*TASK TO CARRY OUT*. The reply to the records below should contain exactly the lines from the line with "On My Soul | Boomplay Music" through the line with "4 Grandi Tazze Manifattura", and nothing besides.

*Web page caption snippets*.

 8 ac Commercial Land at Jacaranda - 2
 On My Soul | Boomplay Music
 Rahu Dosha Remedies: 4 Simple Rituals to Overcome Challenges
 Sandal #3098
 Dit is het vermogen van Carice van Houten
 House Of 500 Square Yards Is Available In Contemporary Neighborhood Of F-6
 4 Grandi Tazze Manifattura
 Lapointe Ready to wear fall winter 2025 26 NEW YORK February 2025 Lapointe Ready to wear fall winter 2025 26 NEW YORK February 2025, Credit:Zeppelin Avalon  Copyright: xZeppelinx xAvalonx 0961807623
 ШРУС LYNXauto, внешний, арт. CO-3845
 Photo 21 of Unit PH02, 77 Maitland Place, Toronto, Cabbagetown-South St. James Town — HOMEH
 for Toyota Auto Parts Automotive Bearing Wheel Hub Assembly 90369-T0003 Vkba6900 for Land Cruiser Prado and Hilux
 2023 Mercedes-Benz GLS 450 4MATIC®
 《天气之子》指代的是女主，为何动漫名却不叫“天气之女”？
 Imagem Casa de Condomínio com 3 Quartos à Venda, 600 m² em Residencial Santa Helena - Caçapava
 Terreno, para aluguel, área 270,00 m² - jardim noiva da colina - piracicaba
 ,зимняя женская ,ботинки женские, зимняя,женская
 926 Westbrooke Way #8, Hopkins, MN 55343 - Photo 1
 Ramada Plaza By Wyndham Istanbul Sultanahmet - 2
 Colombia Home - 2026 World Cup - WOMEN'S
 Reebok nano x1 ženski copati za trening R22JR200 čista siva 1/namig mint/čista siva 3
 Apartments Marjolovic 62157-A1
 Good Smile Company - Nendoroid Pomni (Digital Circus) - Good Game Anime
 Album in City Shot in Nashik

*FINAL ANSWER*.
 On My Soul | Boomplay Music
 Rahu Dosha Remedies: 4 Simple Rituals to Overcome Challenges
 Sandal #3098
 Dit is het vermogen van Carice van Houten
 House Of 500 Square Yards Is Available In Contemporary Neighborhood Of F-6
 4 Grandi Tazze Manifattura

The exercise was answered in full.